Date of Award

Spring 6-7-2026

Document Type

Thesis (Undergraduate)

Department

Economics

First Advisor

Bruce Sacerdote

Abstract

Industrial organization and corporate finance papers that measure firm-level demand characteristics employ price, quantity, and product characteristic data that is unavailable in public financial disclosures. As a result, cross-sectional asset pricing literature attention to demand-side factors is limited. This paper constructs a demand shock measure from natural language processing of 28,263 publicly disclosed 10-K filings from 2001 to 2020. I find that a 1SD demand shock increases contemporaneously predicts a 1.8% increase (SE = 0.4%) in returns. Long-short portfolio sorted on demand shock generates 8.5% alpha (SE = 1.9%) against combined Fama-French and Q-factor models and a 0.91 sharpe ratio outperforming the 0.54 market. Examining firm characteristics as modulators of shock transmission reveals that a 1SD increase in short-term liquidity predicts a 2.9% (SE = 0.6%) amplification in the shock-return effect, while illiquid asset concentration and financial leverage dampen it.
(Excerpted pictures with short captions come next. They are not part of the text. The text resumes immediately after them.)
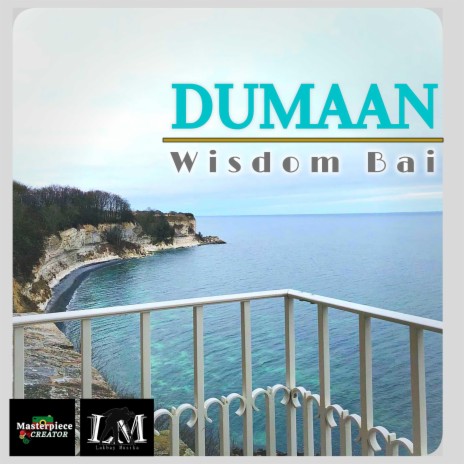 DUMAAN | Boomplay Music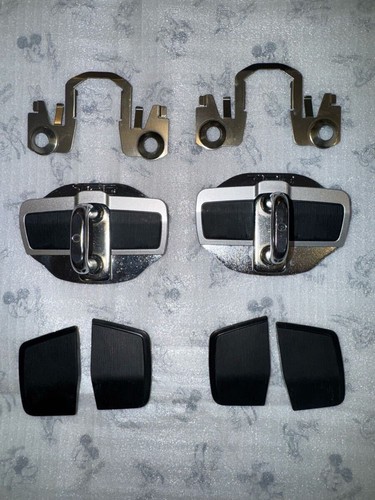 Trd ms304 00001 door - trd, ms304-00001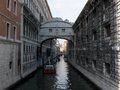 Venedig 2004 24396813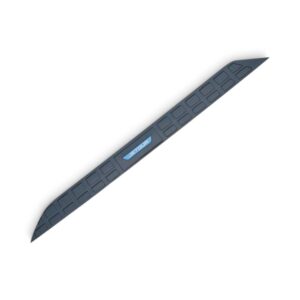 Side Step Panel Protectors for Jetour T2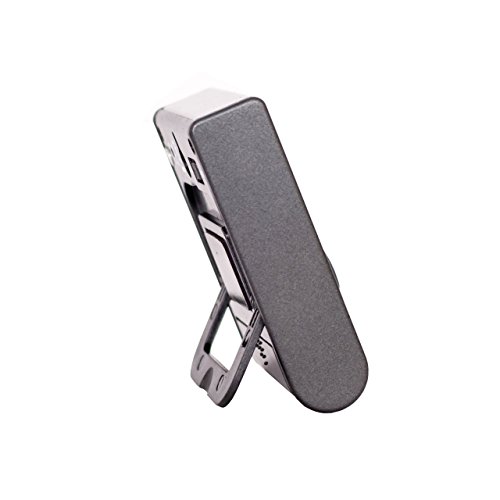 Lantelme 2153, Digital Backofenthermometer mit Fühler / Hitzebeständig bis 250°C, mit Alarm- und Timerfunktionen - 2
Liquidity amplification reflects partial overreaction to positive shocks, supporting literature tying liquidity to opaqueness of managerial effectiveness. Beyond mispricing, the liquidity amplification results suggest that liquidity is valued as a basket of real options for capacity expansion, the underlying project payoffs of which are sensitive to the state of demand.